Imo, the biggest problem right now is ETH. It was $8 at the beginning of the year. It's so severely inflated, that if it keeps crashing, it's going to keep taking everything else with it. That's what happens when you let a competitor gain too much market share. It's stupid that I find in order for BTC to hold its price, or continue rising, that requires ETH to hold a 13x inflated price (since the beginning of March).

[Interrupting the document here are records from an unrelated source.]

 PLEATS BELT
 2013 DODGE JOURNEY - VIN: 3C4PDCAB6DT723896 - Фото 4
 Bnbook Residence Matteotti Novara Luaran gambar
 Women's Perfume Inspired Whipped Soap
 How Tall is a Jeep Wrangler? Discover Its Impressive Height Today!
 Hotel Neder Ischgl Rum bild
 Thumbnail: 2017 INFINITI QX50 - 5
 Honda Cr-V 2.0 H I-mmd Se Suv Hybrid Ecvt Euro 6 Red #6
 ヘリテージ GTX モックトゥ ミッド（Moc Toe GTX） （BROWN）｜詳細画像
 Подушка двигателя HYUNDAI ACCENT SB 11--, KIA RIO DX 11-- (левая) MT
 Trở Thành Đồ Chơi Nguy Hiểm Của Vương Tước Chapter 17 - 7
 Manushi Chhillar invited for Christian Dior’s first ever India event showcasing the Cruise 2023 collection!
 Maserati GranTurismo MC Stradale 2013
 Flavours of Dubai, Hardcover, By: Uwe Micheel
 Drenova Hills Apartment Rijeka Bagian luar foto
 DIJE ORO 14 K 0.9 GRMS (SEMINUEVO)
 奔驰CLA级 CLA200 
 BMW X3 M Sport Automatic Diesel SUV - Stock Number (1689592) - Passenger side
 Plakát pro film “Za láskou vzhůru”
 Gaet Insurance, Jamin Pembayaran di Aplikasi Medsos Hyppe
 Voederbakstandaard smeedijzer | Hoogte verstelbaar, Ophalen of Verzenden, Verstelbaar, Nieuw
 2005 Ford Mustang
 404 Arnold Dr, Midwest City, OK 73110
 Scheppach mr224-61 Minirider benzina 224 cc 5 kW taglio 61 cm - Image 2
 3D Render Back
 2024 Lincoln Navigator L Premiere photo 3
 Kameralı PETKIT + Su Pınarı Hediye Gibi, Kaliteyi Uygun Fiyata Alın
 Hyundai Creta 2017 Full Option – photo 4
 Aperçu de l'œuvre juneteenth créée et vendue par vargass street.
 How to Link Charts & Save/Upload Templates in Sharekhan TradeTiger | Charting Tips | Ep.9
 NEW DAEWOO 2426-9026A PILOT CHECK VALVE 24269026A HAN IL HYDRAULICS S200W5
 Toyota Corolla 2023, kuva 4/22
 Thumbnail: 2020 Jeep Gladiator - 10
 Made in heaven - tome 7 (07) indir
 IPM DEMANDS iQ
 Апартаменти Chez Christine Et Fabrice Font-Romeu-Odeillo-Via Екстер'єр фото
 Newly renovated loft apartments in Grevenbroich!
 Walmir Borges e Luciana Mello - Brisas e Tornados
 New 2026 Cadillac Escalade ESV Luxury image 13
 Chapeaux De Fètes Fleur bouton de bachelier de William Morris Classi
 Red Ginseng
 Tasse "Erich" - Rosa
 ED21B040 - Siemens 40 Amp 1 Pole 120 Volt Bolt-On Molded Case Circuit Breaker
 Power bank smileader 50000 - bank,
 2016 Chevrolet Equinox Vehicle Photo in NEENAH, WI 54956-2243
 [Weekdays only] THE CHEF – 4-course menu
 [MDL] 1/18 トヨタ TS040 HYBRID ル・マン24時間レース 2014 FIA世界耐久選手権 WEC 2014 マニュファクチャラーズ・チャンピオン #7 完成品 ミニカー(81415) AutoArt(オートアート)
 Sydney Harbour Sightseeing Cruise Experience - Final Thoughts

I agree with you that ETH is severely overinflated, esp when I have the belief that it was never even intended to be a cryptocurrency in the first place (Vitalik himself said that) and thus hold any significant value. It's been pre-mined to death, and the float is tiny. But even worse, the ETH fans don't even realize that the mining floor is somewhere down around the single digit dollar area, and troll traders took millions of ETH off exchanges for pennies for the last 2 years in anticipation of running it up to the moon. Notice that I said troll traders, not people who actually believe in ETH and are long term holders. So any weakness in buying demand, or any flaw/bug found, or any exchange hacked, and ETH will get dumped into the absolute ground.
But I disagree that this will affect BTC to the negative or in any way whatsoever. It's completely disconnected. If anything, they'll be trading back into BTC on the way down.
Perhaps not only disconnected but negatively correlated. ETH (and XRP) falling means BTC dominance in percent going up, and some investors think along the lines of "if Btc ever loses its top position then all trust in crypto is lost". A price correction of some over-inflated altcoins makes the market look more sane and less bubbly.